Selenium: Reflections about Cluster Economics
Welcome back to my series of articles about wonderful Selenium testing world! Previously I was mainly speaking about technical issues you may encounter while trying to create your own Selenium cluster. Today we are going to touch Selenium cluster economics.
Why do economics matter?
In IT community we all like to hold conversations about new technologies (tools, frameworks, hardware) and methodologies (agile, extreme programming and so on). Both help to achieve the same goal: deliver a product corresponding to customer requirements with reasonable quality in reasonable time. Considering only requirements and time schedule a lot of software engineers never calculate how much their work cost to the company.
In real world however this cost very often determines whether company will exist or not. From the business point of view every company has two cumulative parameters: revenue and expenses. Revenue is usually determined by total amount of sold products or services. Increasing the overall revenue is a job for sales and marketing teams — for a software engineer it is difficult to influence the revenue. Expenses contrarily are in direct proportion to the effort spent delivering the product. That is to say more time your team spends working on the same product — more expenses you have. Having constant revenue more expenses means less efficient business — simple as that.
While a lot of decisions about reasonable level of expenses are made by company top-managers, there is at least one domain where almost any regular software engineer can influence the situation — means of production, i.e. tools and frameworks. Usually managers delegate choosing technical stuff like preferred programming language, IDE, framework and accompanying tools to development team: it simply has more knowledge about it. The main reason why we use various tools is that they usually decrease total effort to deliver the same piece of software product. Tools only make sense if the benefit from decreasing the effort if greater than total expenses to buy and adopt these tools.
So by choosing correct tools a software developer can decrease company expenses and thus directly influence business efficiency. Being part of development cycle — software testing domain follows the same economic rules and so does Selenium automated testing. Returning to Selenium clusters — our experience shows that a lot of development teams decide to create and maintain Selenium clusters themselves. Very often they underestimate an overall Selenium cluster cost and thus decrease business efficiency. In the next sections I would like to calculate how much does it cost to have own Selenium cluster in the cloud and provide a criterion when it makes sense.

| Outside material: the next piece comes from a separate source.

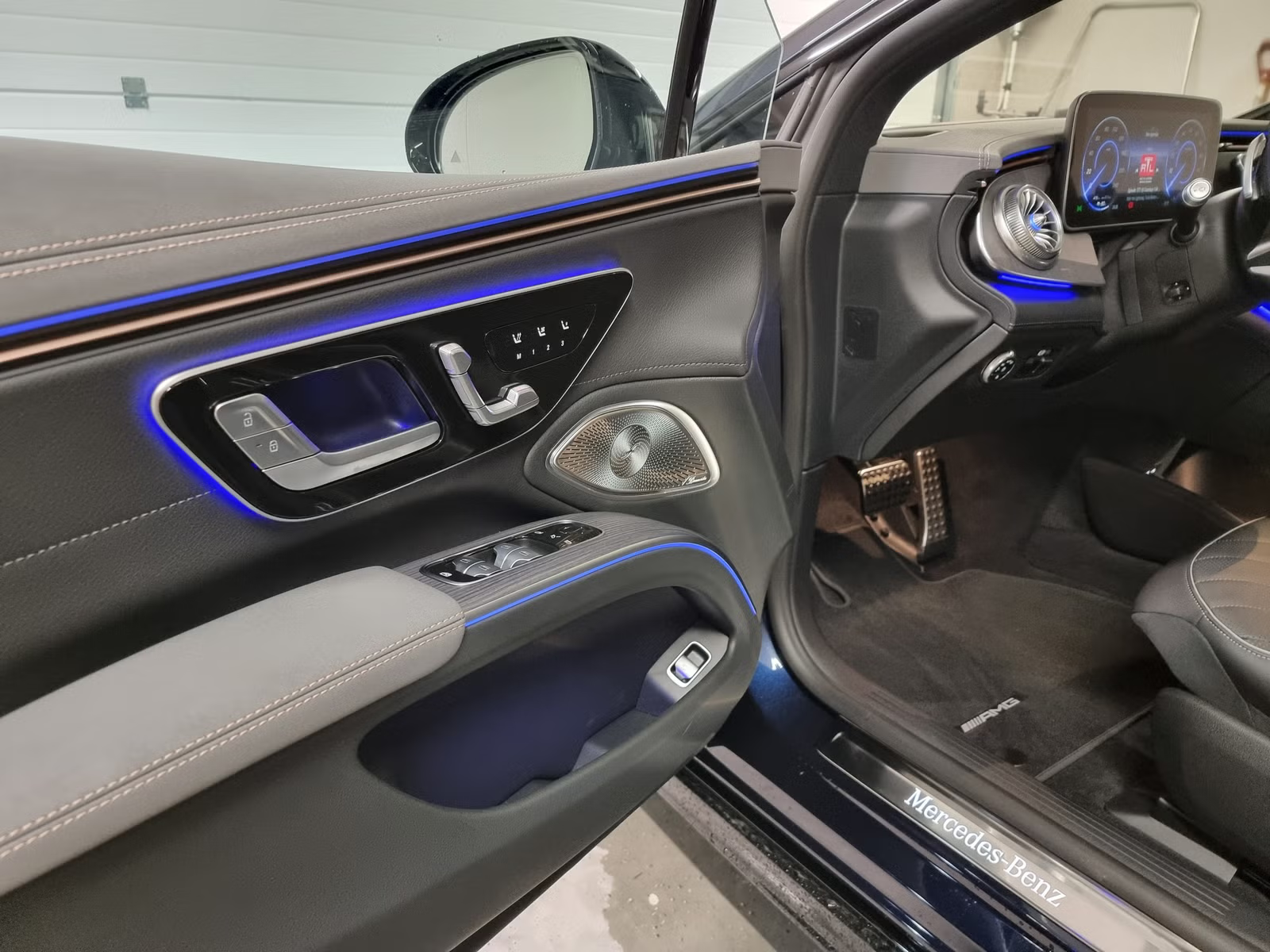 Mercedes-Benz EQS 2023 19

Selenium Cluster: How much does it cost?
To understand how much does it cost to have your own Selenium cluster — let’s first of all enumerate its integral parts. A typical Selenium cluster consists of:
- A set of machines with running browsers. One desktop browser running in Linux Docker container approximately requires 1 CPU core and 1 Gb RAM (this can very depending on tested application). More complicated platforms such as Android and Windows require two times more CPU and memory. In fault-tolerant cluster these machines should be distributed across two or more datacenters. We recommend to use Selenoid as efficient browser sessions launcher.
- A Selenium load-balancer. This is needed to distribute the load across browser machines. We recommend to use an open-source Ggr load-balancer for that purpose. One instance of Ggr consumes 1 CPU and 1 GB RAM maximum. In fault-tolerant cluster it is sufficient to have two Ggr instances in two datacenters.

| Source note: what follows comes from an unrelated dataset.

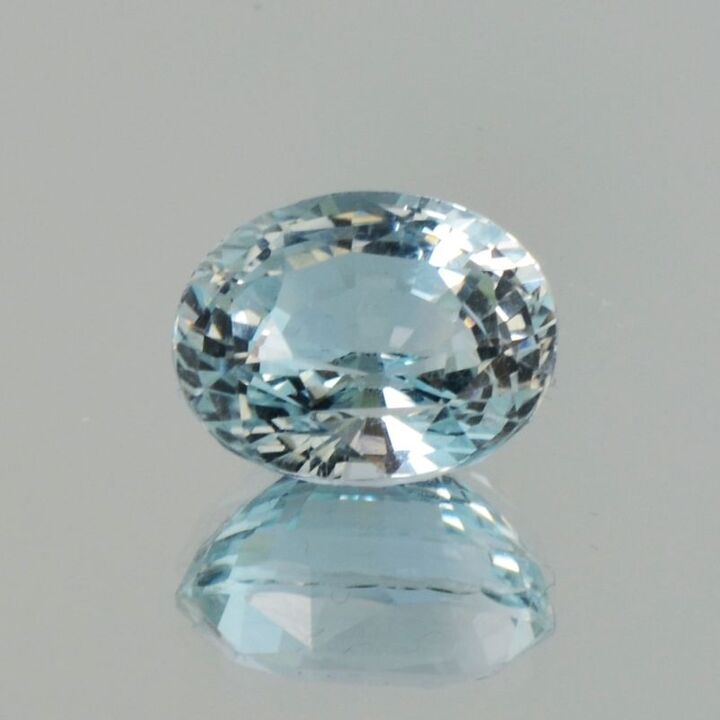Topas oval hellblau unbehandelt 9,57 ct.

- A network load-balancer. It provides a single entry-point (IP-address) to the cluster.
- Reliable storage. Used to store Selenium sessions logs and recorded videos.

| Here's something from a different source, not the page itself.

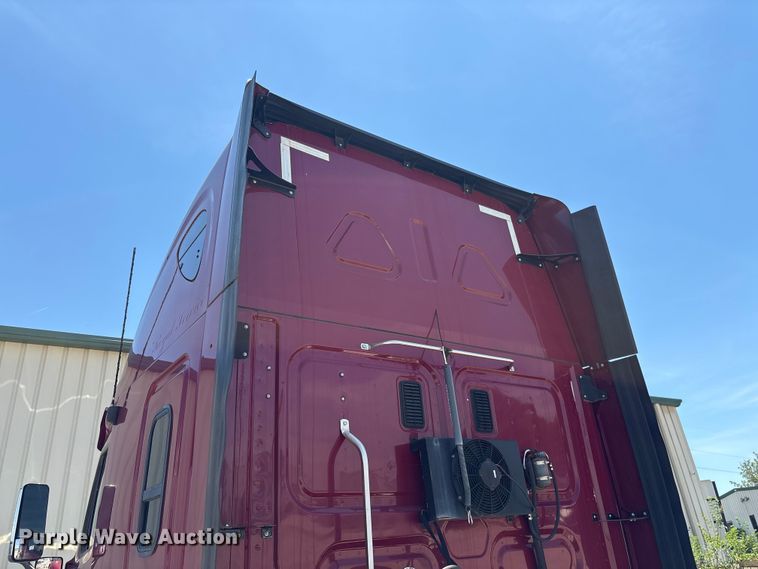 image for item EF1230 2012 Freightliner Cascadia semi truck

Certainly your company can have its own datacenters and network engineers but the most common case is to use some cloud platform: Amazon Web Services, Google Cloud, Microsoft Azure and so on. In this article I will use Amazon Web Services to calculate the price because this cloud seems to be one of the most popular enterprise cloud platforms and in our support channel we often receive questions about it. For example, let’s calculate total cluster cost for 10 parallel sessions.
For 10 parallel Selenium sessions we need to start 4 on-demand virtual machines:
- 2 x 1 CPU, 1 Gb RAM for Ggr load balancer instances. For example, an AWS t2.small is suitable. Currently it costs $0.023-$0.027 per hour depending on region, that is to say up to $20 per month each.
- 2 x 4 CPU, 16 Gb RAM for instances with browsers. Every machine allows to run 5 browsers in parallel. A suitable AWS instance type would be m5.xlarge, eating $0.19 — $0.23 per hour depending on region, i.e. up to $171 monthly.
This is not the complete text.